Leí tan apasionante noticia la misma semana que me topé con otra también preciosa para estos mundos paralelos. Resulta que un equipo de investigación de la Universidad John Moores de Liverpool ha descubierto una galaxia fósil escondida en las profundidades de la Vía Láctea. Parece que podría haber chocado hace 10.000 millones de años, cuando nuestra galaxia aún estaba en su infancia. Los astrónomos la han llamado Heracles, en honor al héroe griego cuya nodriza y madrastra, Hera, derramó su leche formando ese camino de estrellas donde se esconde la Tierra. 


Los astros que originalmente pertenecían a Heracles representan aproximadamente un tercio de la masa que tiene el halo de la Vía Láctea actualmente, lo que significa que esa antigua colisión debió de ser muy grande e importante, por lo que podemos concluir que nuestros orígenes como galaxia han sido muy moviditos. No es de extrañar que tengamos el mundo tan revuelto y nuestras mentes tan agitadas.  


Siguiendo con paralelismos, estos días también hemos tenido al hijo pródigo  cerca, pues un cohete usado en una misión espacial de 1966 se ha acercado a la órbita terrestre. Como los padres del mismo, es decir, la NASA, no esperaban tan inusual visita, durante todo el verano estuvieron temiendo que fuera un asteroide que chocara contra el planeta azul y, a falta de dinosaurios, desapareciera la especie humana. Pero, qué va, genéticamente es terrícola, propaga el aroma de las barras y estrellas que lo parieron y lleva una temporada asomándose al balcón para vislumbrarnos, acercándose y  alejándose el muy vergonzoso. Lo imagino sacando su dedito, señalando hacia Cabo Cañaveral diciendo “mi casa”. Parece que no comporta ninguna amenaza palpable, pero hay un dato que me inquieta, pues ese cohete es el símbolo de la soberbia con que los de nuestra especie contaminamos por tierra, mar y aire. Lanzamos artefactos fuera de órbita y los abandonamos pensando que somos los dueños del Universo, aplicando la lógica academicista de que seguramente se desintegrarán o que acabarán en el jardín del vecino, es decir, en otro astro por ahí perdido, lejos de nosotros. 


Y es aquí donde se cumple del séptimo axioma del Kybalión o ley de la causalidad, porque toda causa tiene su efecto y todo efecto tiene su causa, así que no nos extrañemos si un día vuelven a expulsarnos del Edén por no haber sabido utilizar adecuadamente nuestras facultades y fortalezas, que también las tenemos. 


Al salir del teatro hace unos días, se me pegó a la sisa Alan Turing, a quien le debemos muchas cosas en el mundo de las matemáticas y cuyo artefacto conocido como “máquina de Turing” descifró el llamado código Enigma de los nazis, por lo que, según cuentan los historiadores, la II Guerra Mundial  se acortó en meses o años. 

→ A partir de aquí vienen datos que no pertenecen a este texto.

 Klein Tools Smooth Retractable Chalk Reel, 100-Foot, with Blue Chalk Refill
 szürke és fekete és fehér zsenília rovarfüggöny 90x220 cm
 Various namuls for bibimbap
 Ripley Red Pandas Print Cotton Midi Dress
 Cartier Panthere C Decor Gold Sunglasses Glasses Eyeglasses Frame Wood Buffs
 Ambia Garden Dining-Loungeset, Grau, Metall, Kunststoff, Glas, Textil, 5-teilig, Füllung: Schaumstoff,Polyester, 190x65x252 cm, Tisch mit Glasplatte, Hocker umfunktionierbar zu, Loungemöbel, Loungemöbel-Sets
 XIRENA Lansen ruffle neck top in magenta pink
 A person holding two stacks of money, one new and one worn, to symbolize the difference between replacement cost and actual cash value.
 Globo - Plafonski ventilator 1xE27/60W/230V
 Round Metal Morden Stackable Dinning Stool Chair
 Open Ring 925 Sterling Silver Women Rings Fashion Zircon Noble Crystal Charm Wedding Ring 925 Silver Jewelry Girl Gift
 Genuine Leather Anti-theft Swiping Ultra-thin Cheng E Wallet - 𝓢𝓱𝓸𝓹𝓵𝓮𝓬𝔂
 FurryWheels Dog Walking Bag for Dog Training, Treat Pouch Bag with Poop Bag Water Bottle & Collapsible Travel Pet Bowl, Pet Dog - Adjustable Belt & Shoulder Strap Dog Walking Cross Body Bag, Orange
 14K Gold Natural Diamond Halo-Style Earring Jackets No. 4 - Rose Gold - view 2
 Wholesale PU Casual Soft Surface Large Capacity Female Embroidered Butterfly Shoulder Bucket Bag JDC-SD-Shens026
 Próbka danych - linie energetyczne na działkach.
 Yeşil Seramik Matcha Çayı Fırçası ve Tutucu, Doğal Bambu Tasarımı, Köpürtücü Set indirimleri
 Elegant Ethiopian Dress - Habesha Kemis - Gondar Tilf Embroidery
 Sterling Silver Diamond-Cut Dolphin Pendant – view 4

Parece que, con motivo de la representación de parte de su vida en los Teatros del Canal, se ha paseado entre bambalinas, sentado en el patio de butacas e, incluso, ha gastado bromas a los actores, soplándoles en las orejas o tocándoles el hombro. Y como yo asistí a la función el último día que se representaba, pues no ha tenido mejor ocurrencia que venirse a casa.  Ha fundado el grupo de trabajo “Algoritmos sin fronteras” y, mientras Voltaire y los suyos ponen al día los capítulos de la Enciclopedia, él se afana en producir máquinas de parchís para jugar sin fichas ni dados materiales, solo con la fuerza de nuestros pensamientos, dice. A él se le han unido Freud, André Breton y Magritte, muy interesados los tres en servirse del artefacto para jugar con el inconsciente y alterar las reglas de este pasatiempo tan castizo, aunque de origen indio. 


No niego que alguna trifulca tienen. El último rifirrafe fue a cuenta de los derechos de autor, lo que no alcanzo a entender, porque yo pensaba que en el más allá dejaban de tener importancia cuestiones como esas. Pero veo que no, que igual que en la infancia está el germen de nuestra vida de adultos, la experiencia mortal siembra nuestros genes inmortales. Así que, en mitad de esa discusión, se me acerca Turing y me pide que medie, arbitre o intervenga de alguna forma, porque a él le ha regresado la tartamudez y no puede expresarse adecuadamente. 


— ¿Y qué puedo hacer yo? — le digo, un tanto confundida 

— No tengo experiencia en mujeres, pero creo esos tres respetan mucho a su sexo.

— Hombre, que Freud respete a las de mi sexo está por ver. A él debemos que durante mucho tiempo mis contemporáneos hayan creído que la histeria es propia de mujeres y otras perlas más. 


De todos modos, dejé lo que estaba haciendo y me dirigí al rincón donde “Algoritmos sin fronteras” tiene su base. Les solté una frase de Lacan que no sé cómo me vino a la mente y que dice: “la verdad solo puede ser explicada en términos de ficción”. 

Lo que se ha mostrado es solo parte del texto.